_ASSIGNMENT_
Once you have read the records below, restate them word for word.
[THE DATA — start]
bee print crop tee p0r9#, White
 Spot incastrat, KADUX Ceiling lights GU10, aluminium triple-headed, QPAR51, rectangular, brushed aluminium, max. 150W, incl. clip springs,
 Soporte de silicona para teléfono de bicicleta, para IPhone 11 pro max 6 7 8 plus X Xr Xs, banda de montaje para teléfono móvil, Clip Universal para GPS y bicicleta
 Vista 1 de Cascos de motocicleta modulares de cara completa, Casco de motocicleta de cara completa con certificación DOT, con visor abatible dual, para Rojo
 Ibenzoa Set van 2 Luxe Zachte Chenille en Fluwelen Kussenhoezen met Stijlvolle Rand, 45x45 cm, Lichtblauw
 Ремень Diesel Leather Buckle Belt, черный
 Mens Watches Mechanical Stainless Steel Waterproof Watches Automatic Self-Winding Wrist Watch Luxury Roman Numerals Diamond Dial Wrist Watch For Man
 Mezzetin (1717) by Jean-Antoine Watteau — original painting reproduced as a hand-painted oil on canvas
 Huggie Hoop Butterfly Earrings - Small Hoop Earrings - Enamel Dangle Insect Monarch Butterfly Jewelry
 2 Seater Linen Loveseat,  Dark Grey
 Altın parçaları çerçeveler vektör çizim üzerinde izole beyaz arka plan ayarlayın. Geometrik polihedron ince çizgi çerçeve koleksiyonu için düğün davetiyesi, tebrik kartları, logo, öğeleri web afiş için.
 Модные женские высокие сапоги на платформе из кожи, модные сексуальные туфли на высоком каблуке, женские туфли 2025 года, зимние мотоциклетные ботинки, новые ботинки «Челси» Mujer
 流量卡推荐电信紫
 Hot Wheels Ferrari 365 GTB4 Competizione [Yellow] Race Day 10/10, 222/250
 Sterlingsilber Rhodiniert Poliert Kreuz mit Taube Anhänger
[THE DATA — finish]
_WRITTEN SOLUTION_
bee print crop tee p0r9#, White
 Spot incastrat, KADUX Ceiling lights GU10, aluminium triple-headed, QPAR51, rectangular, brushed aluminium, max. 150W, incl. clip springs,
 Soporte de silicona para teléfono de bicicleta, para IPhone 11 pro max 6 7 8 plus X Xr Xs, banda de montaje para teléfono móvil, Clip Universal para GPS y bicicleta
 Vista 1 de Cascos de motocicleta modulares de cara completa, Casco de motocicleta de cara completa con certificación DOT, con visor abatible dual, para Rojo
 Ibenzoa Set van 2 Luxe Zachte Chenille en Fluwelen Kussenhoezen met Stijlvolle Rand, 45x45 cm, Lichtblauw
 Ремень Diesel Leather Buckle Belt, черный
 Mens Watches Mechanical Stainless Steel Waterproof Watches Automatic Self-Winding Wrist Watch Luxury Roman Numerals Diamond Dial Wrist Watch For Man
 Mezzetin (1717) by Jean-Antoine Watteau — original painting reproduced as a hand-painted oil on canvas
 Huggie Hoop Butterfly Earrings - Small Hoop Earrings - Enamel Dangle Insect Monarch Butterfly Jewelry
 2 Seater Linen Loveseat,  Dark Grey
 Altın parçaları çerçeveler vektör çizim üzerinde izole beyaz arka plan ayarlayın. Geometrik polihedron ince çizgi çerçeve koleksiyonu için düğün davetiyesi, tebrik kartları, logo, öğeleri web afiş için.
 Модные женские высокие сапоги на платформе из кожи, модные сексуальные туфли на высоком каблуке, женские туфли 2025 года, зимние мотоциклетные ботинки, новые ботинки «Челси» Mujer
 流量卡推荐电信紫
 Hot Wheels Ferrari 365 GTB4 Competizione [Yellow] Race Day 10/10, 222/250
 Sterlingsilber Rhodiniert Poliert Kreuz mit Taube Anhänger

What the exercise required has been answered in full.